Full Moon Fever: Bleed

by Patrick Bromley
An historic entry in the Full Moon catalogue. For real!

This installment of Full Moon Fever was suggested by Chaybee Barber (@brahmofficial). Thanks, Chaybee!

After 30 years of producing and directing low-budget cult movies first as Empire Pictures and then as Full Moon Entertainment, Charles Band was looking to change things up in the early 2000s. The decreasing potential for making independent movies with any kind of budget and the viability of shooting on DV was changing the industry, so Band, ever the adaptive survivor, decided to change along with it. In 2002, he put an end to Full Moon Entertainment and relaunched it as Shadow Films, a new and arguably more "respectable" label that would release genre films that more closely resembled what was popular in the mainstream at the time. The Shadow Films experiment lasted only two years and four movies, and by January of 2004 the Full Moon Pictures moniker had returned. Everything was back as it should be.
The first film produced under the Shadow Films umbrella was 2002's Bleed, an obvious attempt to replicate the success of the late-'90s attractive-young-people-in-a-slasher-movie formula made popular with the success of Scream. Just look at that poster! If only it featured a WB star or two, it easily could be mistaken for any I Still Know What You Did Last Summer or Valentine or Urban Legends sequel. This was not by accident. The story goes that the movie came about because Blockbuster Video, the chain responsible for much of Full Moon's success having introduced a generation of video store kids to their brand of oddball cult movies, commissioned the company to make a slasher that would capitalize on what was hot in horror at the time. Full Moon Shadow Films obliged with a slasher that's messy and confused, changing what it wants to be every 30 minutes, but also totally watchable and interesting in a lot of ways. I'm not sure it was ever going to satisfy Blockbuster patrons looking for something slick, superficial and scary, but as a horror movie buff and a Full Moon fan, I'll take it over any of the studio stuff it tries to imitate.
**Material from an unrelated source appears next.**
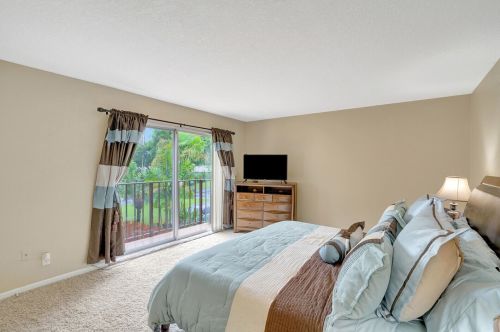 542 27 Way, Boynton Beach FL 33435-7916 exterior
Two men are leaving a costume party dressed in drag. One is killed as he approaches his car. His girlfriend, waiting for him naked at home (and played by Julie Strain in a topless cameo), is murdered as well. Credits! We're off and running.
The movie proper opens as Shawn (Danny Wolske) welcomes his new co-worker Maddy (Debbie Rochon) to the office and then immediately hits on her. What office? What do they do? I have no idea and it's never explained, but there are Full Moon posters adorning the halls. Shawn and Maddy quickly begin dating despite some major red flags that Maddy is psychologically unstable and Shawn is a major bro. He brings her to a pool party to meet his friends, some of whom are nice to her and some whom attempt to sexually assault her. After everyone has had a little too much to drink, they confess to Maddy that they are all members of a Murder Club, in which they've all taken turns killing random strangers for fun. Maddy, desperate to belong, tries to become a member. Meanwhile, the masked killer from the opening scene is still out there, ready to strike again...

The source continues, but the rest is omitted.